** Extracted information follows **

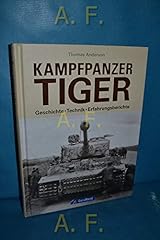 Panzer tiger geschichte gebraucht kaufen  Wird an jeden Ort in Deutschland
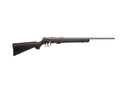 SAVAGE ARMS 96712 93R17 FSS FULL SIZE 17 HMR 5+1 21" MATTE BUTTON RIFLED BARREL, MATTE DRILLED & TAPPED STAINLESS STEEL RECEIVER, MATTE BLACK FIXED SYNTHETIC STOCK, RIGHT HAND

** End of Extracted information **
** Extracted information follows **

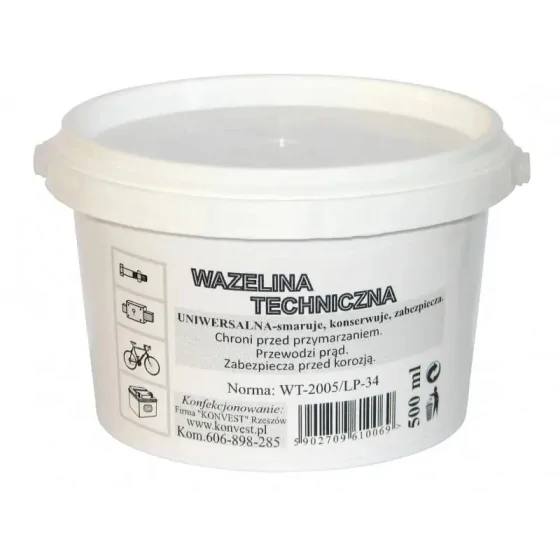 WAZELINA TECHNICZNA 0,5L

** End of Extracted information **
** Extracted information follows **

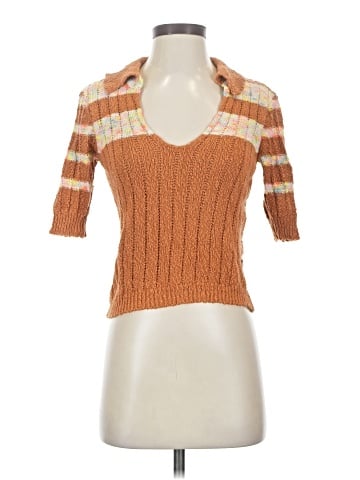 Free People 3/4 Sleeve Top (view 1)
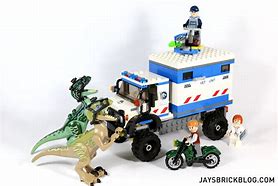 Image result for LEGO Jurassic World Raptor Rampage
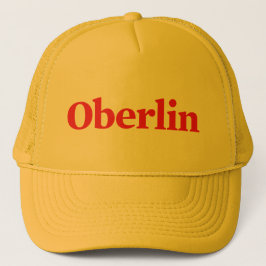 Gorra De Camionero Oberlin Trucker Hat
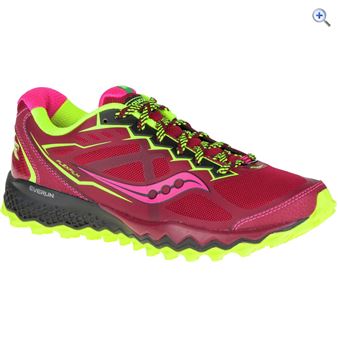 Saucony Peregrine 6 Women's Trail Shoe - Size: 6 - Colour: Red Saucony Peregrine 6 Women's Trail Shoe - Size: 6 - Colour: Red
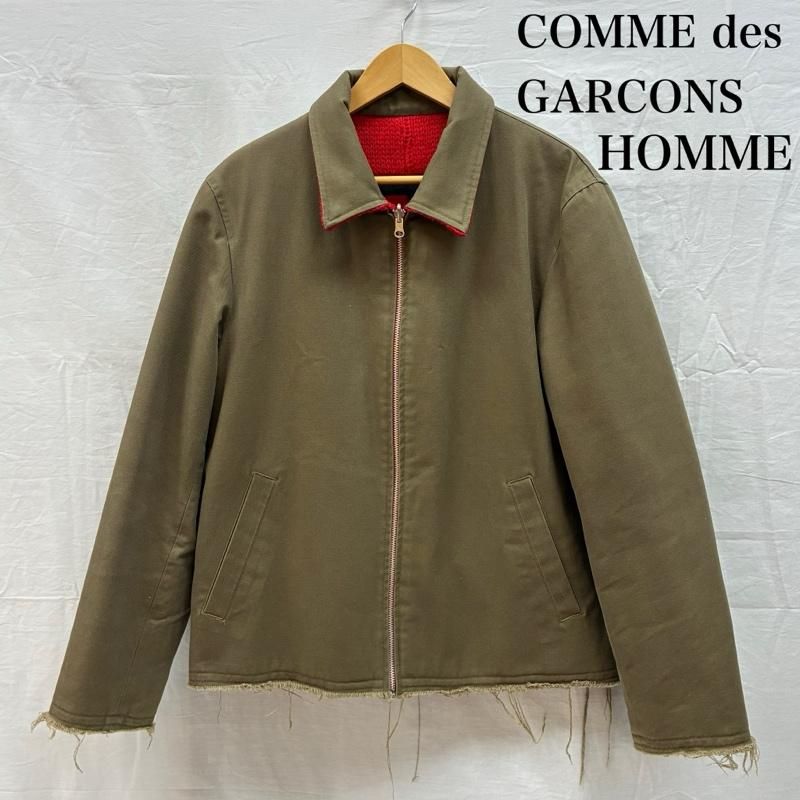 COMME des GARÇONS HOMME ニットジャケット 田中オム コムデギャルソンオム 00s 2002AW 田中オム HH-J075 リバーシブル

** End of Extracted information **

* About this exercise: Repeat the lines above exactly, beginning with the one containing "Panzer tiger geschichte" and finishing with the one containing "SAVAGE ARMS 96712". No pictures belong in the copy.

* Output for this task:
 Panzer tiger geschichte gebraucht kaufen  Wird an jeden Ort in Deutschland
 SAVAGE ARMS 96712 93R17 FSS FULL SIZE 17 HMR 5+1 21" MATTE BUTTON RIFLED BARREL, MATTE DRILLED & TAPPED STAINLESS STEEL RECEIVER, MATTE BLACK FIXED SYNTHETIC STOCK, RIGHT HAND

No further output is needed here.